Remember: these are estimates. Prices vary by suburb, season, and how far in advance you book. The best time to lock in a deal is 8-12 months out. Last-minute bookings cost more - and you’ll have fewer options.

What to Ask Your Caterer

Before signing anything, ask these five questions:

  1. Is your quote all-inclusive? What’s extra?
  2. Do you provide staff, linens, plates, and glassware?
  3. What’s your policy on leftovers? Can we take them home?
  4. Do you have a backup plan if someone gets sick or a delivery is late?
  5. Can I see a sample menu from a recent 100-guest wedding?

Don’t be shy. The right caterer will welcome these questions. The wrong one will dodge them.

Is $100 per person a good price for wedding catering?

Yes, $100 per person is a solid mid-range price in Sydney for a plated three-course meal with wine and service included. It covers quality ingredients, trained staff, and professional setup. It’s not luxury, but it’s more than enough to impress guests without overspending.

Can I feed 100 people for under $5,000?

It’s possible, but only with trade-offs. A food truck BBQ, DIY dessert station, and BYO alcohol can get you under $5,000. But you’ll need volunteers to help serve, and you’ll have to handle cleanup yourself. It works for casual, outdoor weddings - not formal events.

Why is wedding catering so expensive?

Wedding catering is expensive because it’s not just food - it’s logistics. Caterers need to coordinate staff, transport, setup, cleanup, and timing - all while serving hundreds of people at once. They also carry insurance, pay for permits, and account for waste. Plus, weddings happen on weekends, when labor costs more. You’re paying for reliability, not just meals.

Do I need to tip the catering staff?

If the service charge is already included (usually 15-20%), you don’t need to tip extra. But if the quote says "service not included," then tip 10-15% on top. Always check the contract. Many couples forget to ask and end up tipping twice.

Should I hire a separate bartender?

Only if you’re offering a full open bar. Most caterers include bartenders in their package. But if you want specialty cocktails, craft beer taps, or a signature drink station, a dedicated bartender adds $300-$600. For beer and wine only, your caterer’s staff can handle it.

Next Steps

Start by listing your top three priorities: food quality, budget, or experience? Then find caterers who match that.

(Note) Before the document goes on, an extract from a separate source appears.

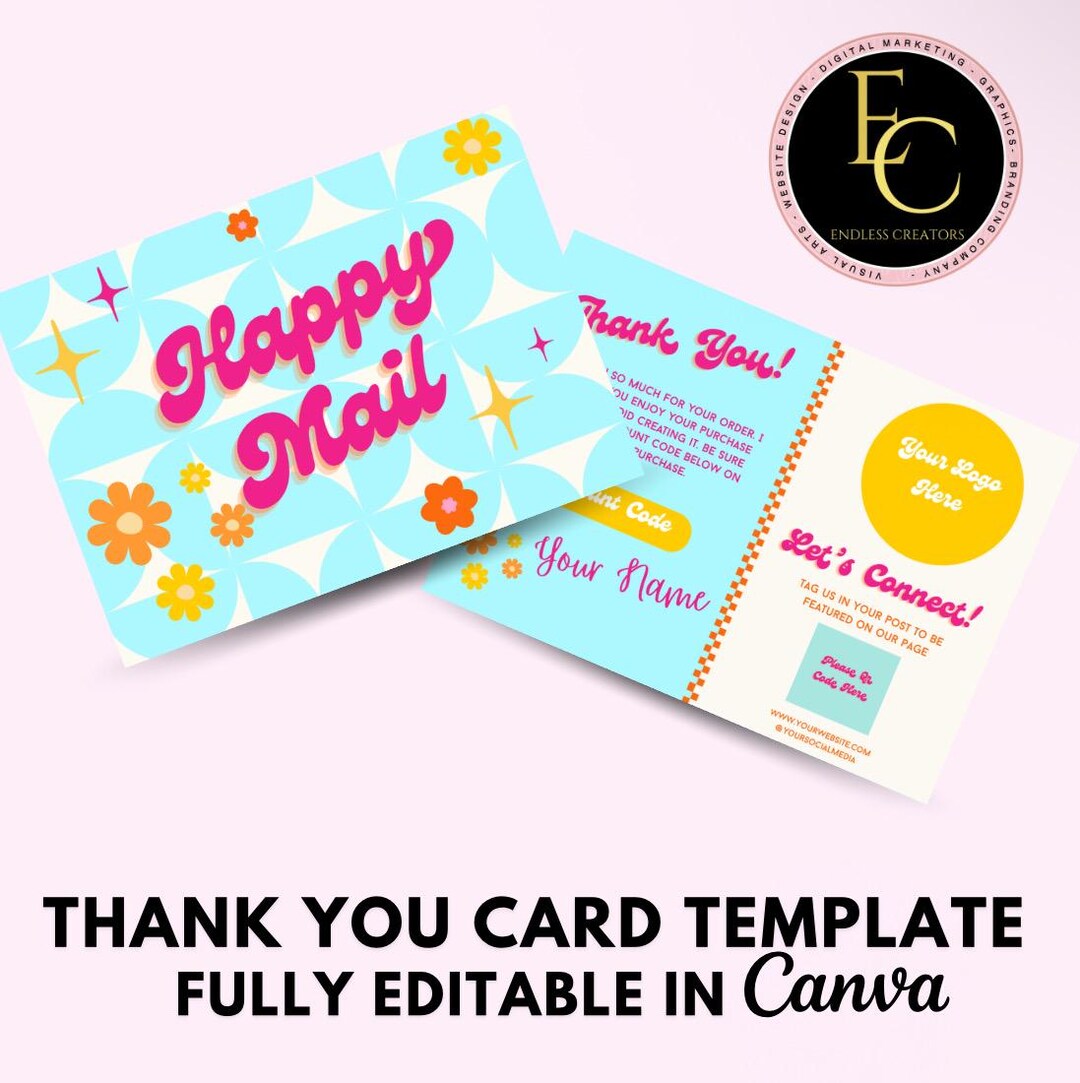 Retro Thank You Card Template | Editable in Canva | Small Business ...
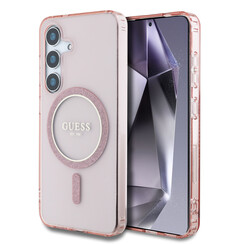 Guess Galaxy S25 Back cover case - Magnetic IML Glitter Circle - Magsafe - Pink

Book tastings - don’t just look at menus. Taste the chicken. Try the dessert. See how the staff moves. Ask for references from past 100-guest weddings.

Most couples regret spending too much on flowers and not enough on food. Guests won’t remember the centerpieces. But they’ll remember if the steak was dry or the cake was amazing. Get the food right, and your wedding will be talked about for years - for the right reasons.